My session did not work that way. I was taught how to put my self in a deep restful sleep and then picture my self on my favorite place and as I was in my favorite place I learned to let go of the stress and feel my body relax. I would tell myself when I became fully awake and aware of my surroundings I would feel the peace and it would stay with me.
I learned about remembering my childhood in a much different way.
Both worked well for me.
Kitt, Co-Moderator: Anxiety/Panic & Depression& GERD Forums*~*
Karen is right, your mind will protect you and you will be doing the Hypnosis under control circumstances.
Was I afraid of what I would discover about my childhood, no. In fact it was a release to have someone validate what had gone wrong and how I should let go of the feelings of insecurity and be told by my therapist to change my core beliefs as they were inaccurate.

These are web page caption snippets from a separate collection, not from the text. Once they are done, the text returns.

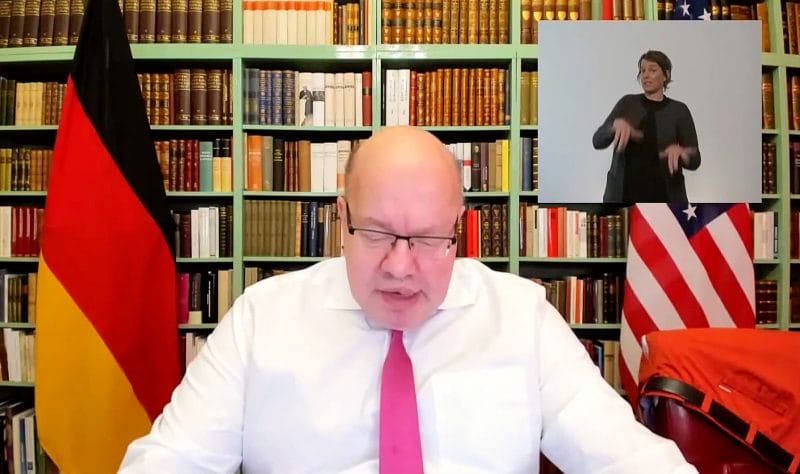 Minister Peter Altmaier während seiner Bewertung des Integrationsgipfels vom 9.3.2021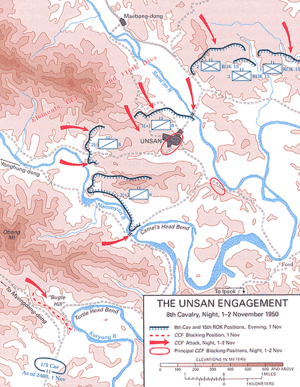 A map with multiple arrows converging toward Unsan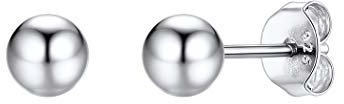 Suplight Damen Ohrringe Silber 925 3D Kugel Ohrstecker Minimalistische 5mm kleine Ohr Piercing platiniert Schmuck Accessoire für Valentinstag Geburtstag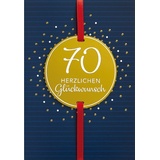 Perleberg Karte zum 70. Geburtstag - Lifestyle Collection - Karte zum Geburtstag mit Kreis & Band Motiv - Geburtstagskarten mit passendem Umschlag - Glückwunschkarte in 11,6 x 16,6 cm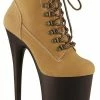 Pleaser FLAMINGO-800TL-02 Tan Nubuck Faux Leather Platform Heels Pole Shoes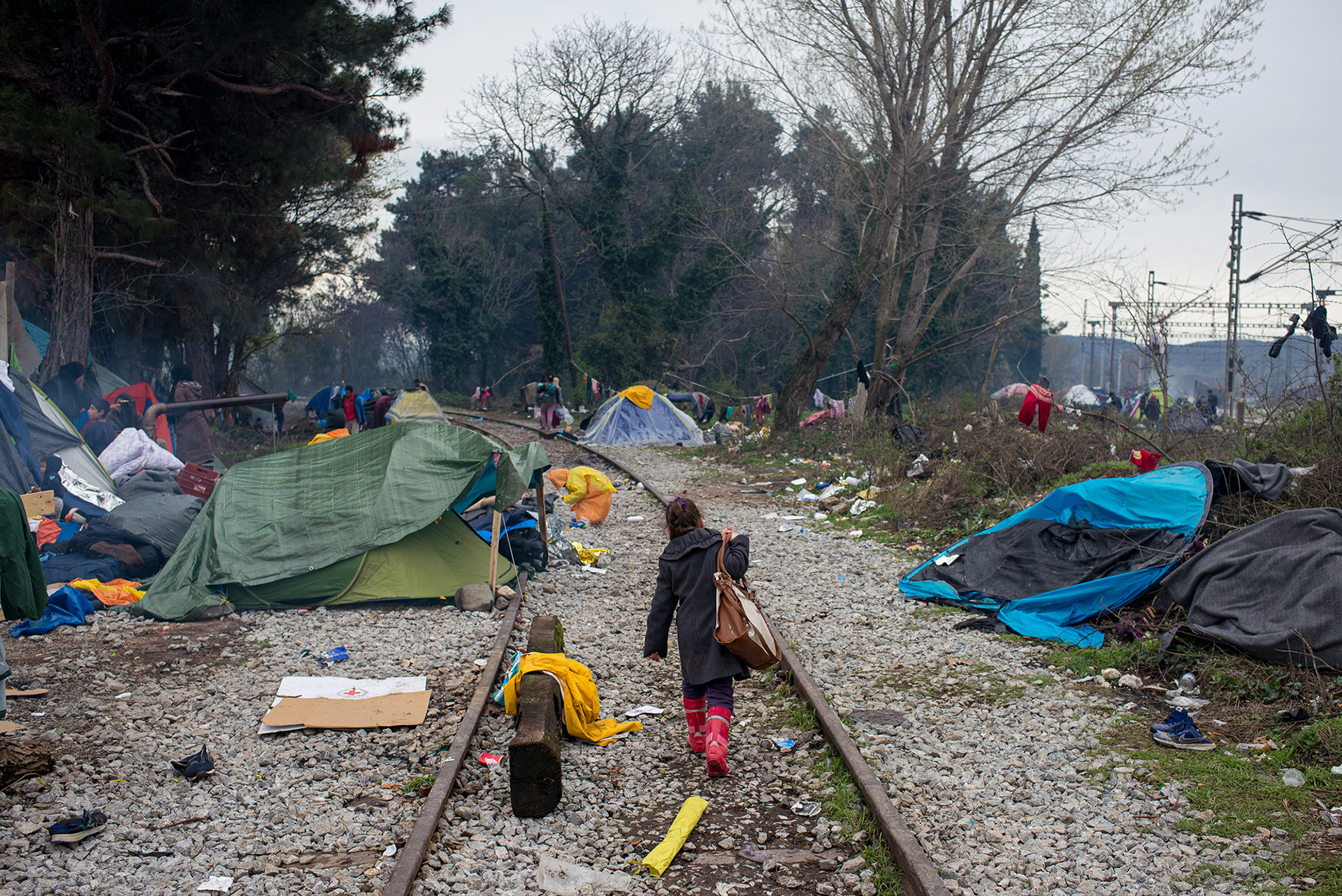 Children in a refugee camp in Idomeni, Greece, 13-16.03.2016.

I lost my Mother when I was 18 months old to a car crash. When I was 5 years old my father remarried and I guess you could say I did not have a chance. My step mother's only son had drowned before we came into her life and I feel that she was sadly disappointed as she thought I could replace him. I could not do that and she resented me for being alive when her son was gone.
She also was a drinker so when she got through with me I believed I was just a worthless burden and she wanted me out...................long story.
I learned a lot in therapy. It was not my fault. I was a daughter without a Mother.
Bless you sweetie and I know your afraid but face that fear and go slow.
Go for the hypnosis and just ask the therapist not to go into your childhood past right now. Your CD sounds much like what I learned, how to hypnosis and I had a tape to play. At first I felt stupid going into the bedroom and praticing but after awile it became a ritual. I don't know when I gave it up.
Hey my hubby got 2 deer so I guess he will have meat for the winter............hee heee. Me, I will eat ice cream.
I am glad to hear you are feeling relaxed.